### Work item
Of all the lines below, output only those starting at the one with "SHAKA(シャカ)の「SHAKA スナッグ ボア" and ending at the one with "RGL MAŁA L WALIZKA", both ends included, exactly as written.
******************************
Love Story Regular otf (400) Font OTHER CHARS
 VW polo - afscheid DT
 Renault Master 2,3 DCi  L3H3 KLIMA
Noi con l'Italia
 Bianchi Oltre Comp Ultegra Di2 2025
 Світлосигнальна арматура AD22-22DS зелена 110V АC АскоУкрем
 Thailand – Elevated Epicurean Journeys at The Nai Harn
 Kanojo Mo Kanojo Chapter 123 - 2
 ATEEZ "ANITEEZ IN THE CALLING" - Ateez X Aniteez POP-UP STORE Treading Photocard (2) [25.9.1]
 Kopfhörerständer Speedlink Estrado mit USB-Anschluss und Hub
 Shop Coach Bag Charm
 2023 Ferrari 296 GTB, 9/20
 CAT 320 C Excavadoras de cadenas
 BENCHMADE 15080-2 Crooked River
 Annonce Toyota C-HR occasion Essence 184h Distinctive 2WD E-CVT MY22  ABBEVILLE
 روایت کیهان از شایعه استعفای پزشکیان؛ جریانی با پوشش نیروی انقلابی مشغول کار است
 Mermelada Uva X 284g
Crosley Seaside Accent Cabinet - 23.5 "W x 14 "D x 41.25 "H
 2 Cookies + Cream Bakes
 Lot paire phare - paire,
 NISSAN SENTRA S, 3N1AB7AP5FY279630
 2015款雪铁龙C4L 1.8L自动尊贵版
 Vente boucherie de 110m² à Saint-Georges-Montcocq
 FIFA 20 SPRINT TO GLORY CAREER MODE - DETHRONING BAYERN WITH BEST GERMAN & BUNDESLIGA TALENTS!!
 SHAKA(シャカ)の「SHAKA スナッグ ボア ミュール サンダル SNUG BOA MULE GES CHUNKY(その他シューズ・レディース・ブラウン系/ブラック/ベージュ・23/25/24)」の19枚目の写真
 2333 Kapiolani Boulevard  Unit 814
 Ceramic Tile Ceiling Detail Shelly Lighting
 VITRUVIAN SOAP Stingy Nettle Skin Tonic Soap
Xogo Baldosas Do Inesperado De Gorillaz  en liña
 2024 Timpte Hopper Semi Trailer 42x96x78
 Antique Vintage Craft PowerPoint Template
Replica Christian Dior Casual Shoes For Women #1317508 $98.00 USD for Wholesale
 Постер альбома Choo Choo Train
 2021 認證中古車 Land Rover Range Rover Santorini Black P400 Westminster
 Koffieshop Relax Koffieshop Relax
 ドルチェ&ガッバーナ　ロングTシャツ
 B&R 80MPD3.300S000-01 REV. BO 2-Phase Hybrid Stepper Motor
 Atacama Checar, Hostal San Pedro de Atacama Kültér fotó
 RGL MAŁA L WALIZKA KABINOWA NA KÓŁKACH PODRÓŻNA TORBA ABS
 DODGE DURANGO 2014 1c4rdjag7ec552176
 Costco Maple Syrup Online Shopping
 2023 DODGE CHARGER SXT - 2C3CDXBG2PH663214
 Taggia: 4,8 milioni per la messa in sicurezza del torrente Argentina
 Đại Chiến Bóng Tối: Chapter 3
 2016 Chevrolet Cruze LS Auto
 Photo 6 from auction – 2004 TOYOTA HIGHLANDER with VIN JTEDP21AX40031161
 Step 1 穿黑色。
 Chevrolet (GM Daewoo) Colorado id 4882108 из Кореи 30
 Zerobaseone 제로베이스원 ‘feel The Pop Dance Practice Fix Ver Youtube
******************************
### Your response
 SHAKA(シャカ)の「SHAKA スナッグ ボア ミュール サンダル SNUG BOA MULE GES CHUNKY(その他シューズ・レディース・ブラウン系/ブラック/ベージュ・23/25/24)」の19枚目の写真
 2333 Kapiolani Boulevard  Unit 814
 Ceramic Tile Ceiling Detail Shelly Lighting
 VITRUVIAN SOAP Stingy Nettle Skin Tonic Soap
Xogo Baldosas Do Inesperado De Gorillaz  en liña
 2024 Timpte Hopper Semi Trailer 42x96x78
 Antique Vintage Craft PowerPoint Template
Replica Christian Dior Casual Shoes For Women #1317508 $98.00 USD for Wholesale
 Постер альбома Choo Choo Train
 2021 認證中古車 Land Rover Range Rover Santorini Black P400 Westminster
 Koffieshop Relax Koffieshop Relax
 ドルチェ&ガッバーナ　ロングTシャツ
 B&R 80MPD3.300S000-01 REV. BO 2-Phase Hybrid Stepper Motor
 Atacama Checar, Hostal San Pedro de Atacama Kültér fotó
 RGL MAŁA L WALIZKA KABINOWA NA KÓŁKACH PODRÓŻNA TORBA ABS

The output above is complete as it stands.